(Pictures with short captions)

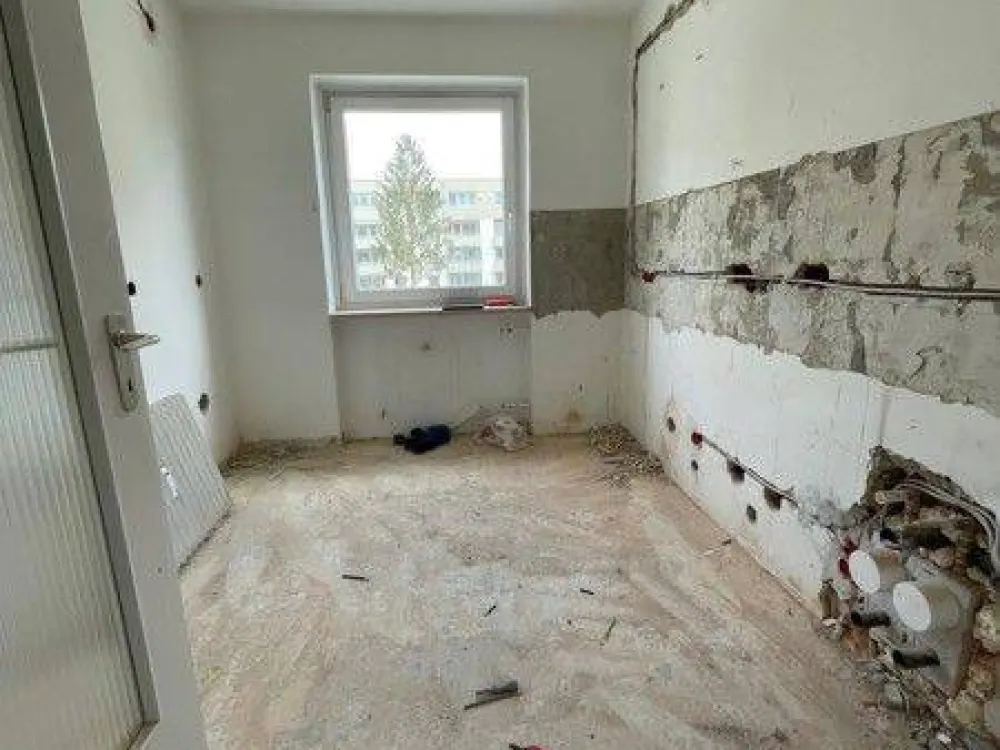 Your Future - Your Apartment: Newly Renovated 2-Room Apartment in Freimann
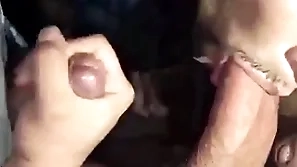 Mamei e dei para três dotados no cinema pornô - full red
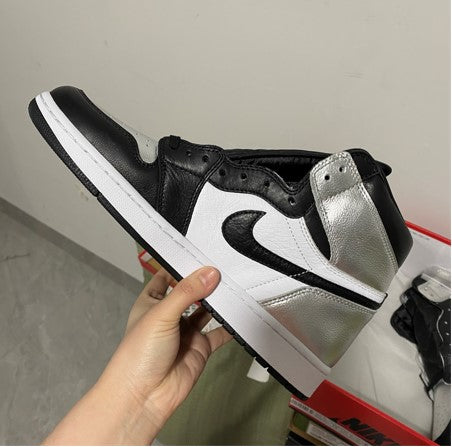 Air Jordan 1 WMNS “Silver Toe”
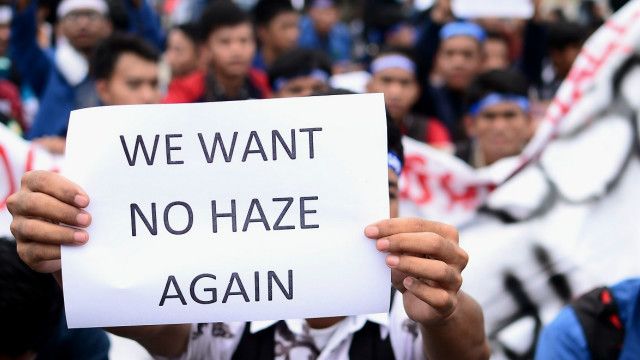 Ribuan Mahasiswa Di Pekanbaru Protes Kabut Asap Bbc News Indonesia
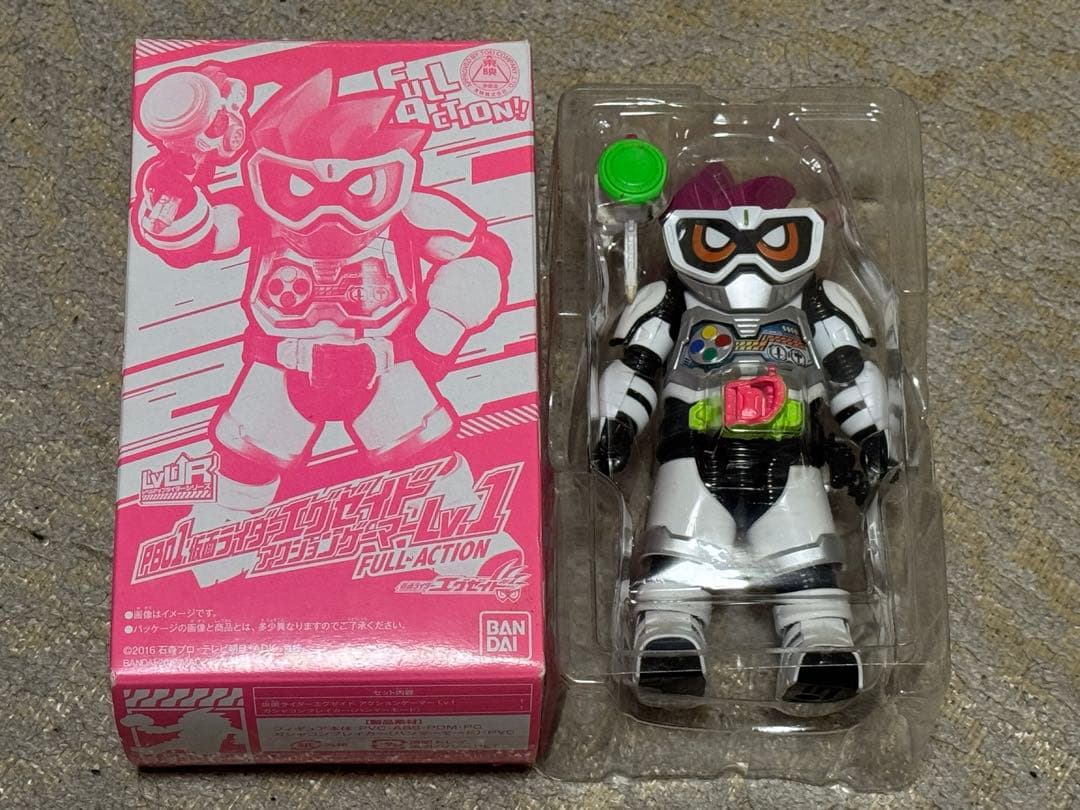 LVUR PB01 仮面ライダーエグゼイド アクションゲーマー Lv.1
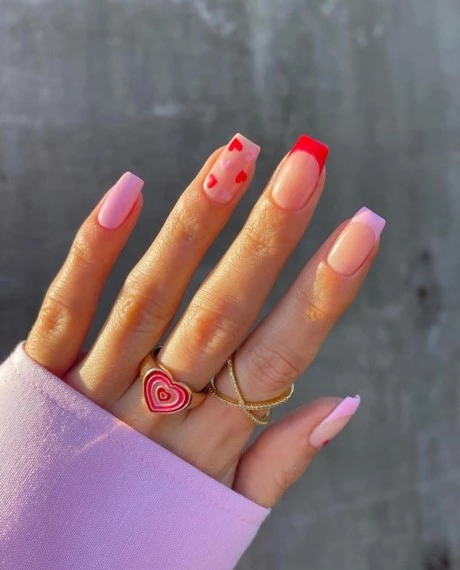 pink-and-red-french-tip-nails-02_15-9 Unghii roz și roșii cu vârf francez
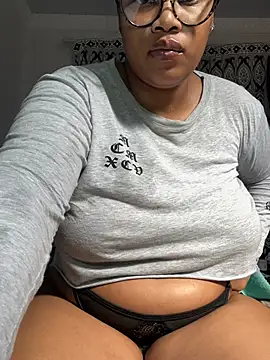 MimiCurves online show from July 1, 2026, 11:34 am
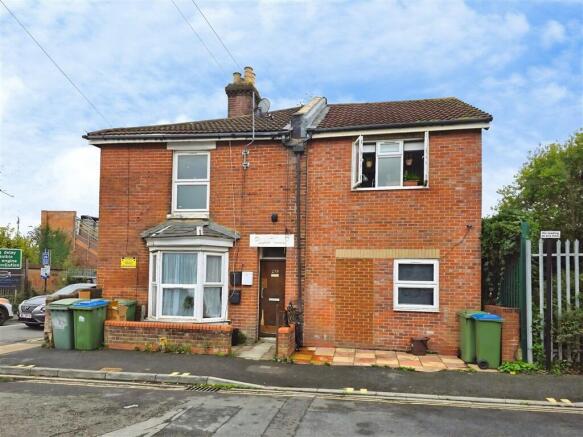 5 Bedroom Flat in SO14 0EL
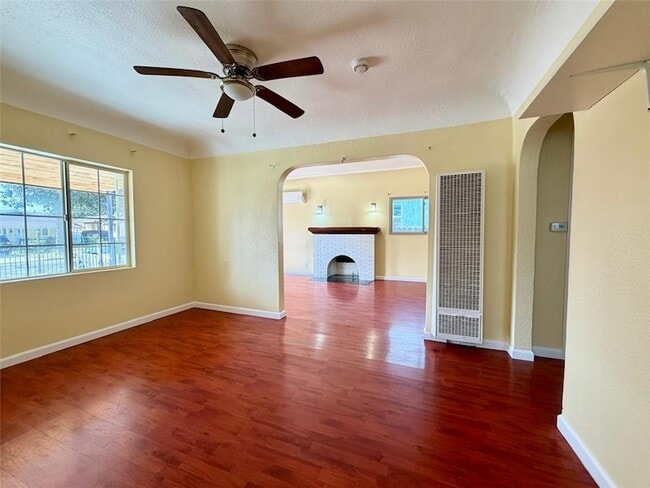 Photo - 607 W 101st St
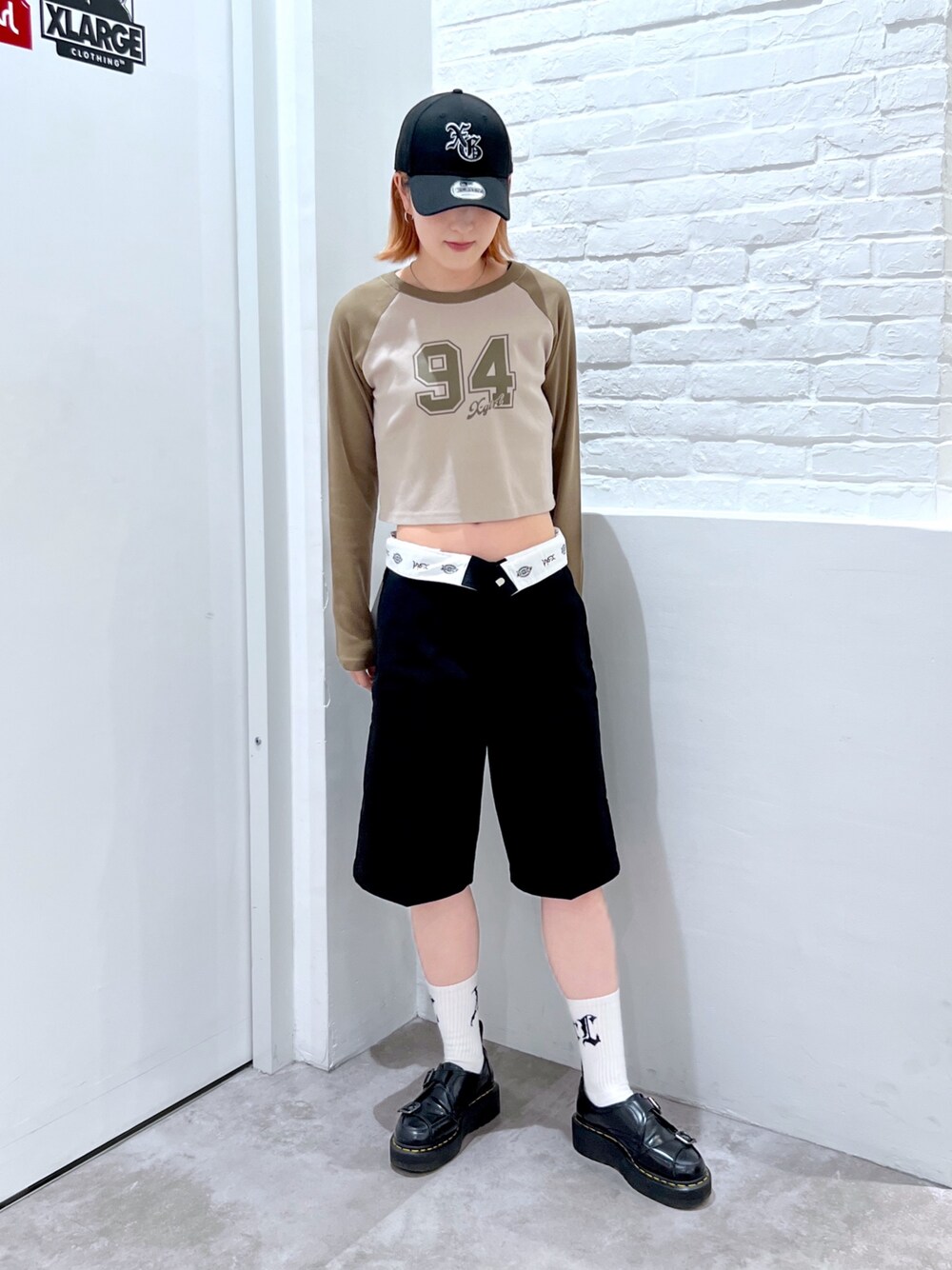 ブラック系のその他パンツ、ベージュ系のTシャツ/カットソー、ブラック系のキャップを着用したレディースの春コーディネートの1枚目の写真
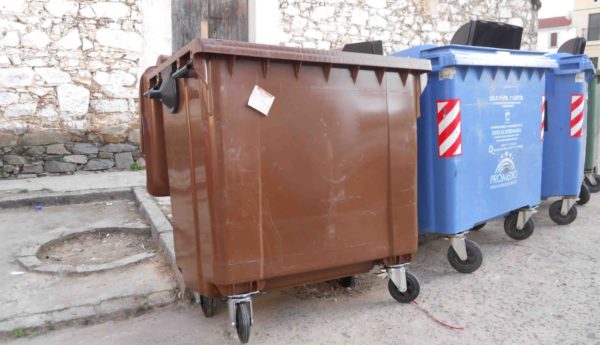 postcontenedormarrónok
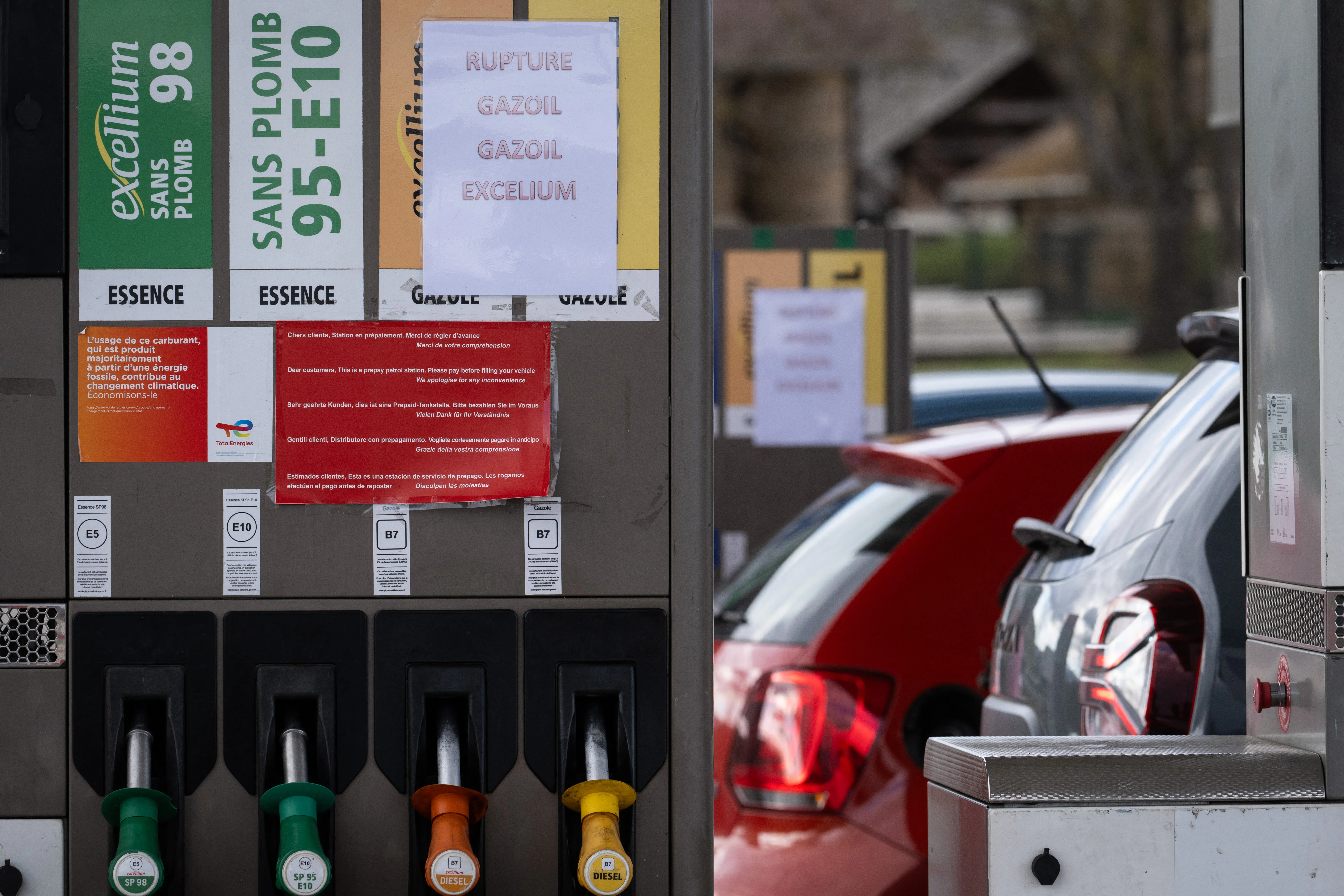 الاقتصاد العالمي في مهب الريح: صدمات متلاحقة وتعاف بطيء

- WHAT THE TASK REQUIRES
Transcribe each line above exactly, pictures excluded.

- OUTPUT
 Your Future - Your Apartment: Newly Renovated 2-Room Apartment in Freimann
 Mamei e dei para três dotados no cinema pornô - full red
 Air Jordan 1 WMNS “Silver Toe”
 Ribuan Mahasiswa Di Pekanbaru Protes Kabut Asap Bbc News Indonesia
 LVUR PB01 仮面ライダーエグゼイド アクションゲーマー Lv.1
 pink-and-red-french-tip-nails-02_15-9 Unghii roz și roșii cu vârf francez
 MimiCurves online show from July 1, 2026, 11:34 am
 5 Bedroom Flat in SO14 0EL
 Photo - 607 W 101st St
 ブラック系のその他パンツ、ベージュ系のTシャツ/カットソー、ブラック系のキャップを着用したレディースの春コーディネートの1枚目の写真
 postcontenedormarrónok
 الاقتصاد العالمي في مهب الريح: صدمات متلاحقة وتعاف بطيء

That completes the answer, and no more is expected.